Short text fragments from websites:
>>>

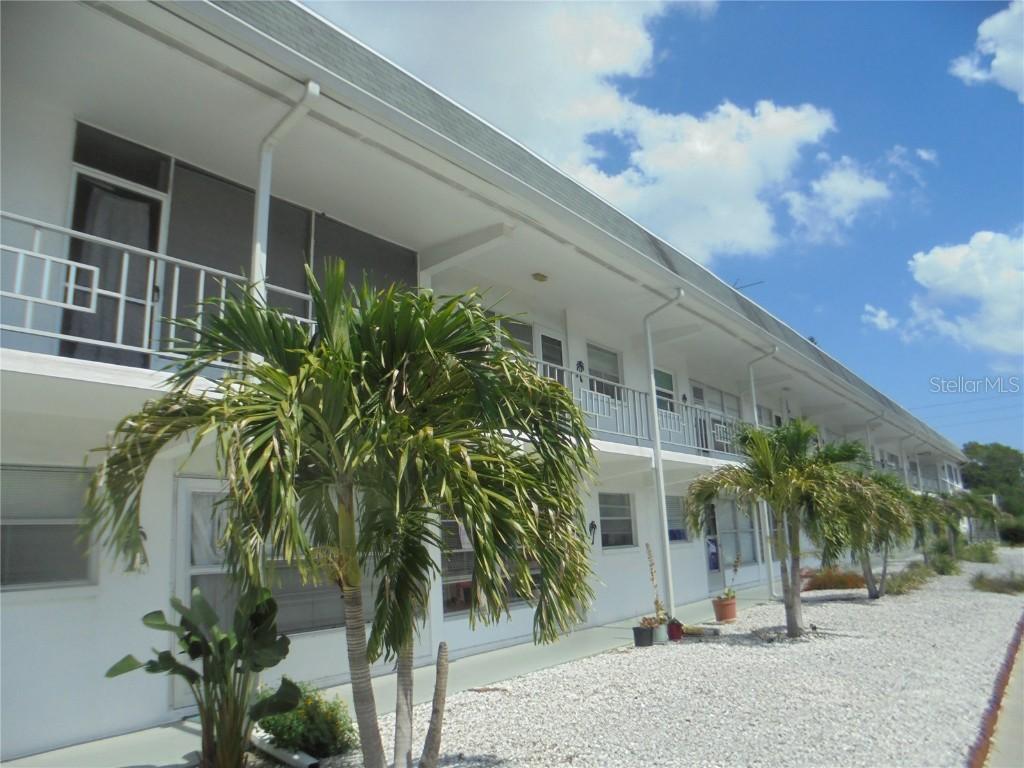 1221 Drew St. #B17, Clearwater, FL 33755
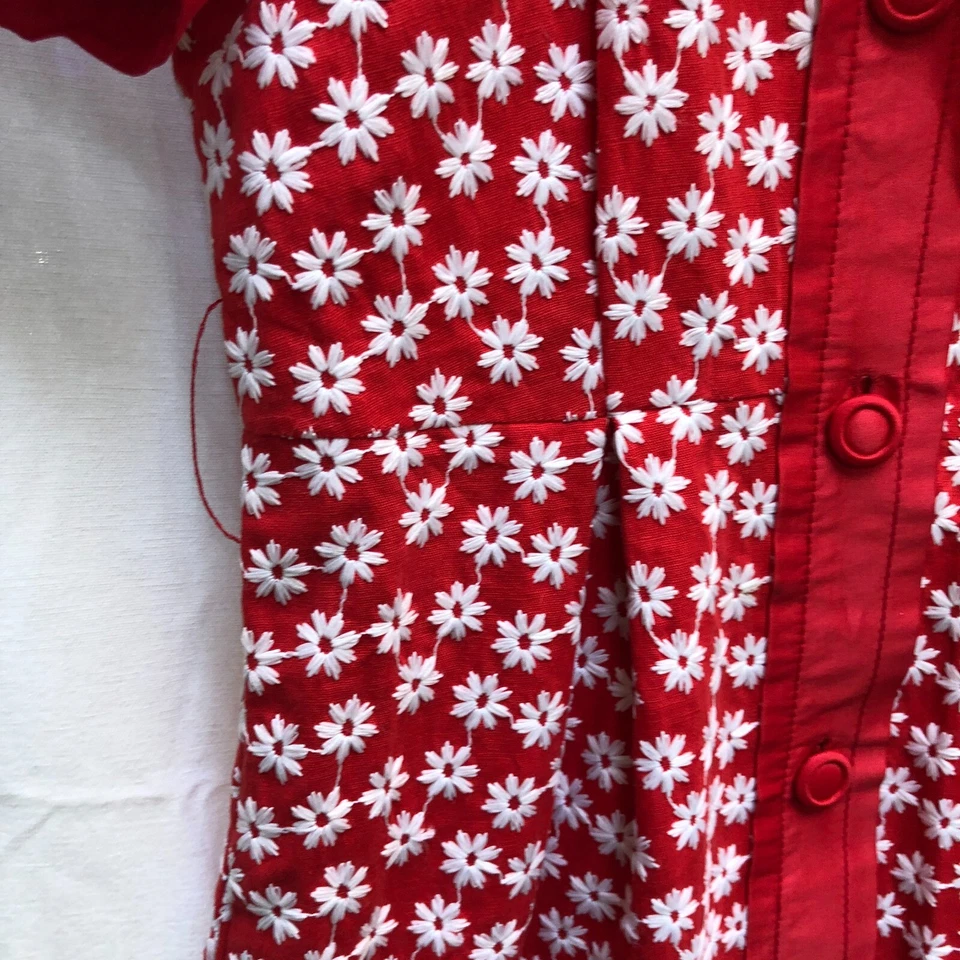 Carolina Herrera Womens Dress Size 6 Pleated Red White Embroidery Buttons - Image 3 of 4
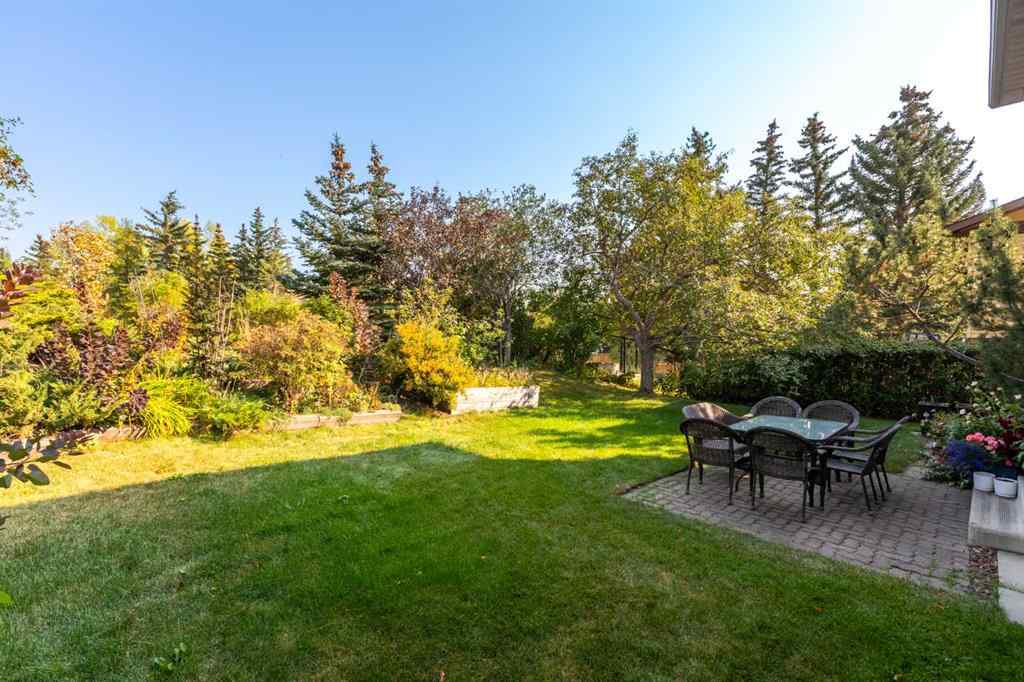 MLS® A2260172 - 20 Edgehill Rise NW in Edgemont Calgary, Residential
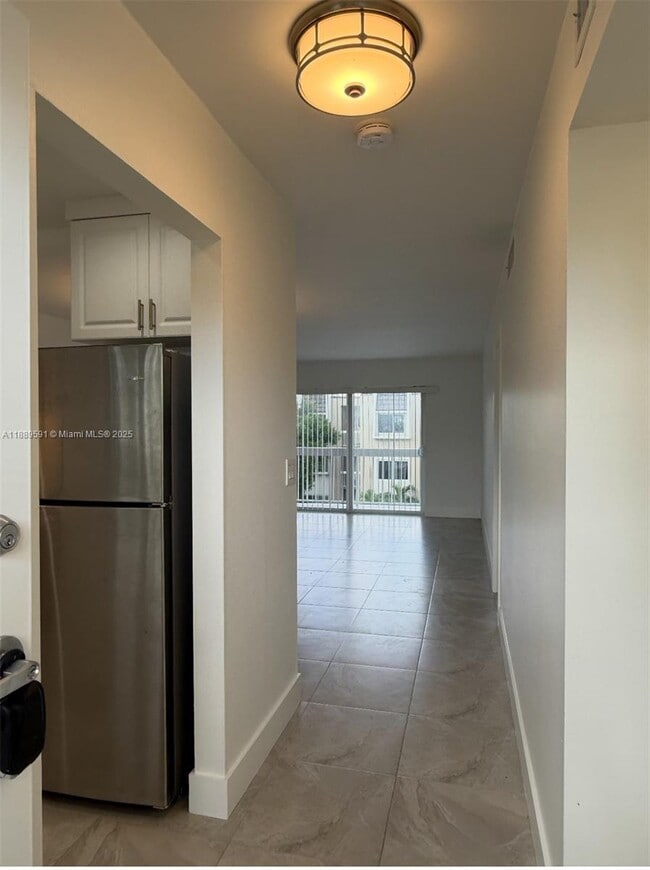 7825 Camino Real in Miami, FL - Building Photo - Building Photo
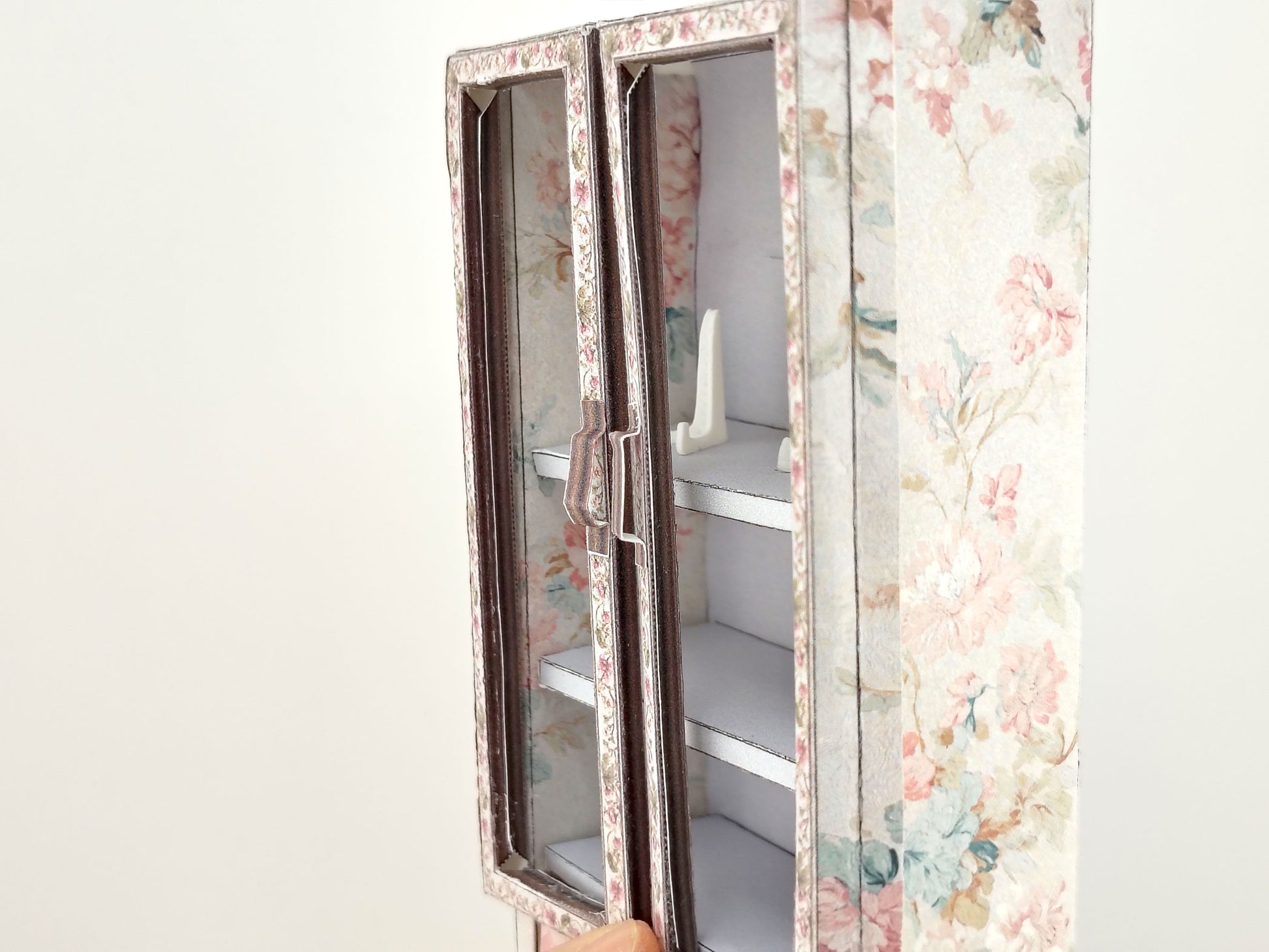 1:12 Vintage Paper Wardrobe — Openable Dollhouse Cabinet with Floral Pattern & Pull-Out Drawer (Printable, No Wood)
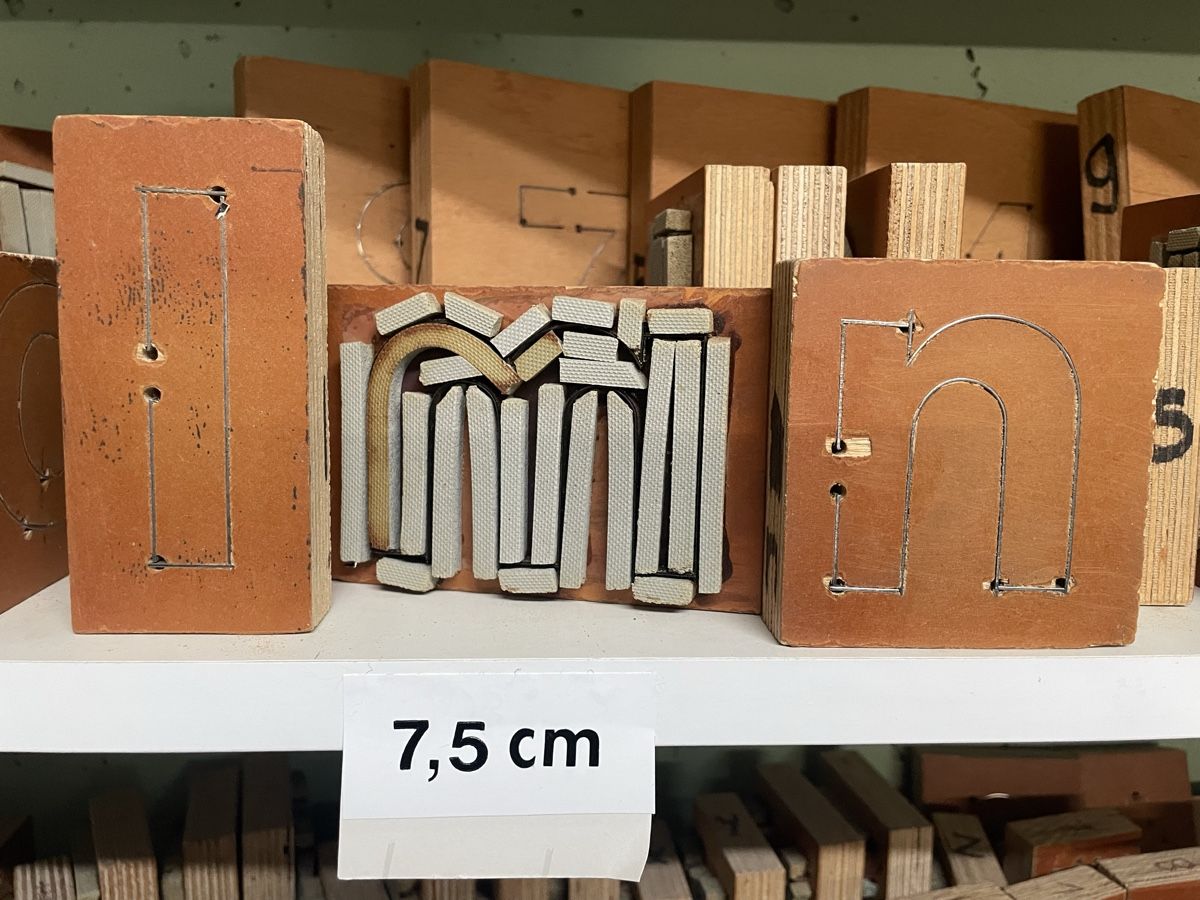 Tutte le macchine: Stanzmaschine und Eckstanze – Usato da Rütihof venduto da JulieH85 7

<<<

§ **Aim of the task**:
Locate "MLS® A2260172 - 20" in the entries above. Copy, exactly and only, the lines from that line to the end, leaving out the pictures.

§ **Answer to the exercise**:
 MLS® A2260172 - 20 Edgehill Rise NW in Edgemont Calgary, Residential
 7825 Camino Real in Miami, FL - Building Photo - Building Photo
 1:12 Vintage Paper Wardrobe — Openable Dollhouse Cabinet with Floral Pattern & Pull-Out Drawer (Printable, No Wood)
 Tutte le macchine: Stanzmaschine und Eckstanze – Usato da Rütihof venduto da JulieH85 7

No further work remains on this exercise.